• **Problem statement**: Go through the records and report each line in which the word "China" occurs.

+--

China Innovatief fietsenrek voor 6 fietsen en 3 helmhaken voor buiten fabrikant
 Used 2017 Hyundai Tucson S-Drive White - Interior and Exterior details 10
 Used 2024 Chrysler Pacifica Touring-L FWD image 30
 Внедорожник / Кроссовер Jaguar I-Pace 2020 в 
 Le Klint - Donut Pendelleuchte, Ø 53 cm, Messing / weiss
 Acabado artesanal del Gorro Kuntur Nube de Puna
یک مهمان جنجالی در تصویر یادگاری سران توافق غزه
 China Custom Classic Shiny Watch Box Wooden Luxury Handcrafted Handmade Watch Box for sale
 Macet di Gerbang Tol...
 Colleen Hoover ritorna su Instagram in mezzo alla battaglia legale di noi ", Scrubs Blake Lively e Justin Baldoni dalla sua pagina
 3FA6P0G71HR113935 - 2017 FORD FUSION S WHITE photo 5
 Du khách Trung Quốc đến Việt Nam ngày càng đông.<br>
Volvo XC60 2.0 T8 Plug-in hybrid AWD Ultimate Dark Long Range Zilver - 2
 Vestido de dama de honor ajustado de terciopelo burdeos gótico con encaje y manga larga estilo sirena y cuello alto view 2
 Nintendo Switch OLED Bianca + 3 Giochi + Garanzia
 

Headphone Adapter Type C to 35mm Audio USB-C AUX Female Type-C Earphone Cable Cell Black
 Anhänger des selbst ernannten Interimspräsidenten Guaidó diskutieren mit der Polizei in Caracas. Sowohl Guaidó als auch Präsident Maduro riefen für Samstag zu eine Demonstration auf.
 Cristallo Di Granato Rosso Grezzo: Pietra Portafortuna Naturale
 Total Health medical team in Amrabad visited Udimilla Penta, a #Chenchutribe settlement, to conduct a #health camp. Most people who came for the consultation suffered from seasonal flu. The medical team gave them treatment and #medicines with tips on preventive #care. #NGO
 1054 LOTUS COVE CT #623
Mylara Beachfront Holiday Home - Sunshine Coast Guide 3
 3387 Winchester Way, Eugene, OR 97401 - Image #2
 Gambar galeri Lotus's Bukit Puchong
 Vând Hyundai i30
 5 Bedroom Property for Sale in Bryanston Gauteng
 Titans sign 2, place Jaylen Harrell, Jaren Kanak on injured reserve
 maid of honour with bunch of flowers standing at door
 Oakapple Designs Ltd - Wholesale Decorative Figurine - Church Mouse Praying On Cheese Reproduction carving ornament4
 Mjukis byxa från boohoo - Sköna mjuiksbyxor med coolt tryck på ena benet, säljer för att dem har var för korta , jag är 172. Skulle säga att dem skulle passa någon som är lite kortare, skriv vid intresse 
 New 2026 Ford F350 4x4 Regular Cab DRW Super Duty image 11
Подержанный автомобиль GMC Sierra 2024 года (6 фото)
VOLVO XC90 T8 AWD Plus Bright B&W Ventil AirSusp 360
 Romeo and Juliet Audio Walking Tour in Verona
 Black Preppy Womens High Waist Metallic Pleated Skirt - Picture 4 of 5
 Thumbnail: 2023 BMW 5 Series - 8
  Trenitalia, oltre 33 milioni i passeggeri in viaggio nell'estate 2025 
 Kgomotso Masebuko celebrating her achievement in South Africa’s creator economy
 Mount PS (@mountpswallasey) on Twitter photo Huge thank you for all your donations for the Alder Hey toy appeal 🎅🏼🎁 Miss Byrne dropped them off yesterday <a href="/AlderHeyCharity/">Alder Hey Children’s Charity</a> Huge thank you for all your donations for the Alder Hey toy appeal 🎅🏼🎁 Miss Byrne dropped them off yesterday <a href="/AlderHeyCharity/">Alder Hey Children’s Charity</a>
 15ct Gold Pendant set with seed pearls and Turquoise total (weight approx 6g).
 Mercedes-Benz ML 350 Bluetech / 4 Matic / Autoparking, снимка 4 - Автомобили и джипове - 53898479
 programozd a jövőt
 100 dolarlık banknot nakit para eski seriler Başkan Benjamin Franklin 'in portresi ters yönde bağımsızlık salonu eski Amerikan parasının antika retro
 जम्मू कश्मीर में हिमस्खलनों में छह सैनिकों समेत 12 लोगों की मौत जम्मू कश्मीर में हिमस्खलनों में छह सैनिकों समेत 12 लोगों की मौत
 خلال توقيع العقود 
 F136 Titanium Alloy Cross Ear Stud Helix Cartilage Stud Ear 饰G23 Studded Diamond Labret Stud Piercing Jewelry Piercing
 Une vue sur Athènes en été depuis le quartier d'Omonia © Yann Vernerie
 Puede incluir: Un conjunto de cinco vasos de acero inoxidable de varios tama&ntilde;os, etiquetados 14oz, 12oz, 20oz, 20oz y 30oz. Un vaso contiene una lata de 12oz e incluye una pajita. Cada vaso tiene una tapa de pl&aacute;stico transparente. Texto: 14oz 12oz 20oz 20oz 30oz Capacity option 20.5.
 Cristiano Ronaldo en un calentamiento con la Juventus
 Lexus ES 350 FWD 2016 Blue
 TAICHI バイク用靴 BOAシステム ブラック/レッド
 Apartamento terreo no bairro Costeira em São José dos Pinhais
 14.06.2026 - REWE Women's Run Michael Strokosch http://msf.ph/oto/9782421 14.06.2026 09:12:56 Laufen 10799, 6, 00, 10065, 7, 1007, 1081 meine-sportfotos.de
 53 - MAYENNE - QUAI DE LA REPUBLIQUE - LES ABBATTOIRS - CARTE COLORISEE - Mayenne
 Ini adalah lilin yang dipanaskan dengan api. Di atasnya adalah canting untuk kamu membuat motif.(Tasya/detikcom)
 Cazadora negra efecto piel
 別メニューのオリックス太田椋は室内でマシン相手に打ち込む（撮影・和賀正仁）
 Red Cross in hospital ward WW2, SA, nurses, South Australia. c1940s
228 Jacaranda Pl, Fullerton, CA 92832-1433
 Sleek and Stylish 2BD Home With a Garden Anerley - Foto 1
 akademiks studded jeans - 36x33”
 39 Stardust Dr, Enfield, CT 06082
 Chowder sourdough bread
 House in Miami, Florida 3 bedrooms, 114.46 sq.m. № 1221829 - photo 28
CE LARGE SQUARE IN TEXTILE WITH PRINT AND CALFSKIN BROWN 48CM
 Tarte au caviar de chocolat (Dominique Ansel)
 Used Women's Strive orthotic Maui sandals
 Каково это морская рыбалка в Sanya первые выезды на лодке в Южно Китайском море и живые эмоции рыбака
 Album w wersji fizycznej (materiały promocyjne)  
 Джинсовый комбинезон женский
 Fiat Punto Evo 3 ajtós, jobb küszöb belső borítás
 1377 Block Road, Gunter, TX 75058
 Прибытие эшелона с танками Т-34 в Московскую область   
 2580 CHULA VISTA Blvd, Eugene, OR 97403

+--

• **Result of the exercise**:
China Innovatief fietsenrek voor 6 fietsen en 3 helmhaken voor buiten fabrikant
 China Custom Classic Shiny Watch Box Wooden Luxury Handcrafted Handmade Watch Box for sale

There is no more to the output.